## INPUT FOR THIS TASK
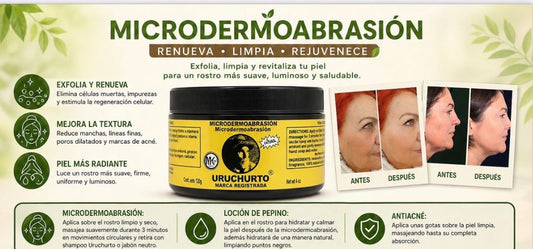 MICRODERMOABRASION URUCHURTO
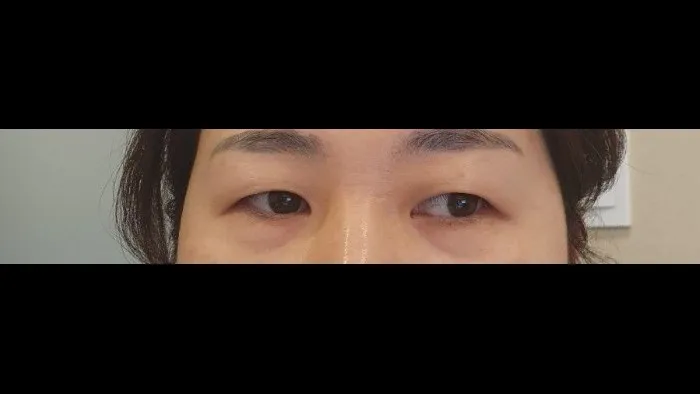 Sub-brow Lift, Ptosis Correction — RE&RE PLASTIC SURGERY 1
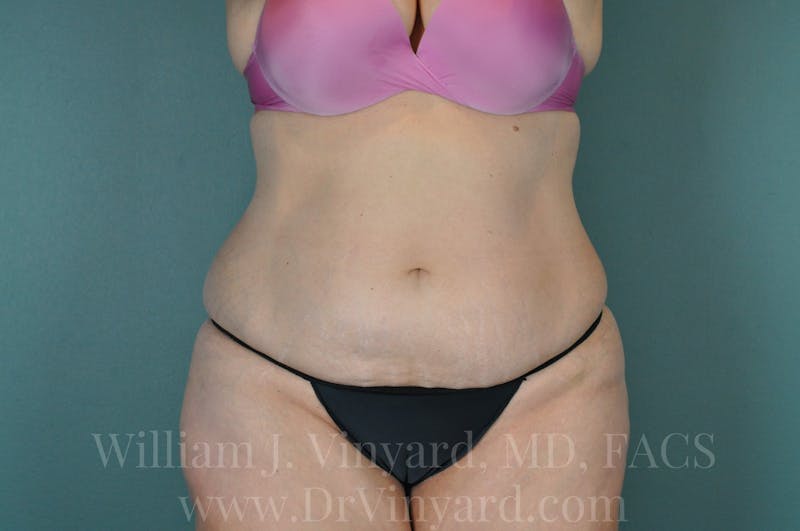 Tummy Tuck Before & After Gallery - Patient 171442597 - Image 1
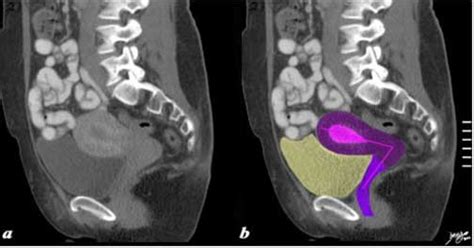 Uterus Anatomy Mri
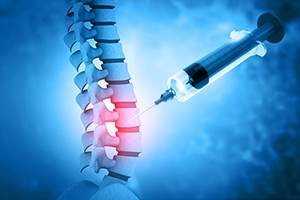 Spine Injections Sterling: A Non-Surgical Solution for Pain Relief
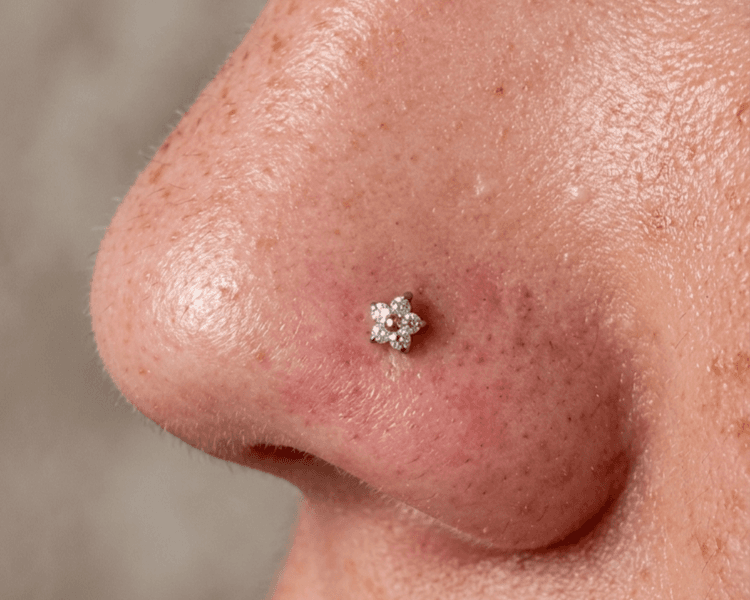 Perforación de Nostril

## WHAT YOU WILL DO
Give the entries again without a single change, but with no pictures.

## ANSWER BOX
 MICRODERMOABRASION URUCHURTO
 Sub-brow Lift, Ptosis Correction — RE&RE PLASTIC SURGERY 1
 Tummy Tuck Before & After Gallery - Patient 171442597 - Image 1
 Uterus Anatomy Mri
 Spine Injections Sterling: A Non-Surgical Solution for Pain Relief
 Perforación de Nostril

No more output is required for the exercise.